▶ About this task: Reproduce, without any change, the span of lines from the opening of the records below to the line containing "two students shadow a dentist in an office", inclusive.

Material for this exercise START

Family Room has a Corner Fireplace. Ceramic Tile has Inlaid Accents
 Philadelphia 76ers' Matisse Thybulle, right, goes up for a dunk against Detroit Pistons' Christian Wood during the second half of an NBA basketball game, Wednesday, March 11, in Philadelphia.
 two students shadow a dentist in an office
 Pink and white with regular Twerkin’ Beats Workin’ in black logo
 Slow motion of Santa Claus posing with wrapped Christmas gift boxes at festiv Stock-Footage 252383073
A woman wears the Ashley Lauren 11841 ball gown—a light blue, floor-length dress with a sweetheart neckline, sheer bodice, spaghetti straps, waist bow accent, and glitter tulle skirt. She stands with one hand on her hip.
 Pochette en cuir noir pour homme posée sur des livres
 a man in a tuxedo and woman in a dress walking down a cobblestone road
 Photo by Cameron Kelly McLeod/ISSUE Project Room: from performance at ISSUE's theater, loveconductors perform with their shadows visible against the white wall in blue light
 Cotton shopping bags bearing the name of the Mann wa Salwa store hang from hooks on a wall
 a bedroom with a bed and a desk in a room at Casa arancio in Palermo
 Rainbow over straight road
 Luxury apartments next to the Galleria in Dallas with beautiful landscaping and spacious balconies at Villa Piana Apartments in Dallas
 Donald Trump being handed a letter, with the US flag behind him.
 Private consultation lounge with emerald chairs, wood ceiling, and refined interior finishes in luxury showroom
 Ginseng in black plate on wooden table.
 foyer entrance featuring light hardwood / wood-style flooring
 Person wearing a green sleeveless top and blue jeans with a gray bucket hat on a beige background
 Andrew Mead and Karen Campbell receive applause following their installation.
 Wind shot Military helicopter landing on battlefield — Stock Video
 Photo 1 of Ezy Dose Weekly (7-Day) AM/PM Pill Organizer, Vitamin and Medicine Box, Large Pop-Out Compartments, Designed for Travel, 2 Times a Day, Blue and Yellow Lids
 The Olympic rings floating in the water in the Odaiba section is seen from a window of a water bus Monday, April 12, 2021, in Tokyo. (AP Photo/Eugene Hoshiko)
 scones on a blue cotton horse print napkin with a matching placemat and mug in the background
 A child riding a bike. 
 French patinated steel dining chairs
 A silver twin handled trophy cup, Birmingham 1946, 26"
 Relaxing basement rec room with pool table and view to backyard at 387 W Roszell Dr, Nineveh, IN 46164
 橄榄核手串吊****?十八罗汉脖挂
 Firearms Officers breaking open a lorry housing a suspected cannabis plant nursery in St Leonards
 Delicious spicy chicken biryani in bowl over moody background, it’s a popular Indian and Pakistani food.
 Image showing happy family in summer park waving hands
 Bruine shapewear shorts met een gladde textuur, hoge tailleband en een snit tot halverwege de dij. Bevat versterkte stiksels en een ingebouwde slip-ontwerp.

Material for this exercise END

▶ Output of the task:
Family Room has a Corner Fireplace. Ceramic Tile has Inlaid Accents
 Philadelphia 76ers' Matisse Thybulle, right, goes up for a dunk against Detroit Pistons' Christian Wood during the second half of an NBA basketball game, Wednesday, March 11, in Philadelphia.
 two students shadow a dentist in an office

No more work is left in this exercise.